Saturday, February 2, 2013

Slowing Down

It is a simple fact that every worksheet must have a some number of exercises, be it 5 or 50.  On the worksheets that the other honors pre-calculus teacher and I wrote to implement Harkness this year, the number of exercises per worksheet is 8.

It is also a fact that regardless of the number of exercises on a worksheet, the students will take completing the worksheet as the "goal for the day".  This has been the prevailing attitude in my classes, and it occurred to me recently that this attitude has been getting in the way.  You see, in the race to the end of the worksheet,  the students were rushing through some of the exercises, at the expense of having the good, in-depth discussions.  The reality is that even the "easy" exercises should be discussed thoroughly to make sure that the understanding the students think they have actually goes beyond the superficial and mechanical to a true, concept-driven understanding.  However, if the goal is to finish the discussion of the current worksheet by the end of the class, then the easy stuff gets pushed aside and if the difficult stuff starts taking too long, it gets shorted as well.

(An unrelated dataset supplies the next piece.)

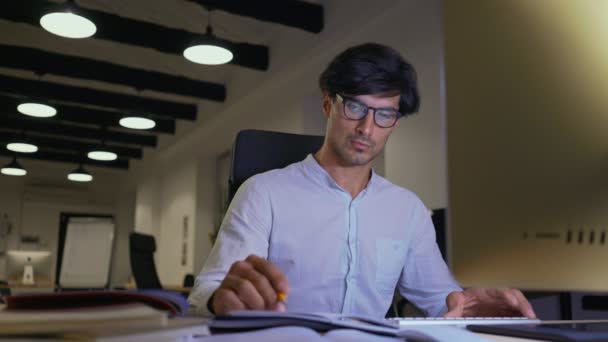 Serious Employee Man Eyeglasses Using Computer Writing Something While Sitting — Stock Video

This prevailing attitude came to an end late last week, when I explicitly reminded the students that having the in-depth discussion of the exercises was the goal, and that getting to the end of the worksheet was not.  That day, we did not finish the worksheet and I did not freak out about it (I'm fairly certain the students were expecting me to panic at least a little bit).  In planning this trimester, we made 30 worksheets for the 60 days...clearly, even with review days and test days figured in, we were expecting the worksheets to take longer than one day apiece.  Somewhere along the way both the students and I lost sight of this, and the discussions were suffering as a result.  Since the reminder and the subsequent refocus by the students, the discussions have been going much better...and actually, that's an understatement.  So many of the students mentioned that the more deliberate pace and the lack of pressure to get to the end of the worksheet has improved the discussions and the understanding on the current worksheets...I honestly lost count how many students said this and thanked me for it.

That being said, I also realize that there is a balancing act here.  We still have a certain amount of material we need to cover, so the students and I need to find the fine line between too slow and too fast, get to that line quickly every day, and do everything we can to not stray from it.  Hmmm...life lesson?  I think so.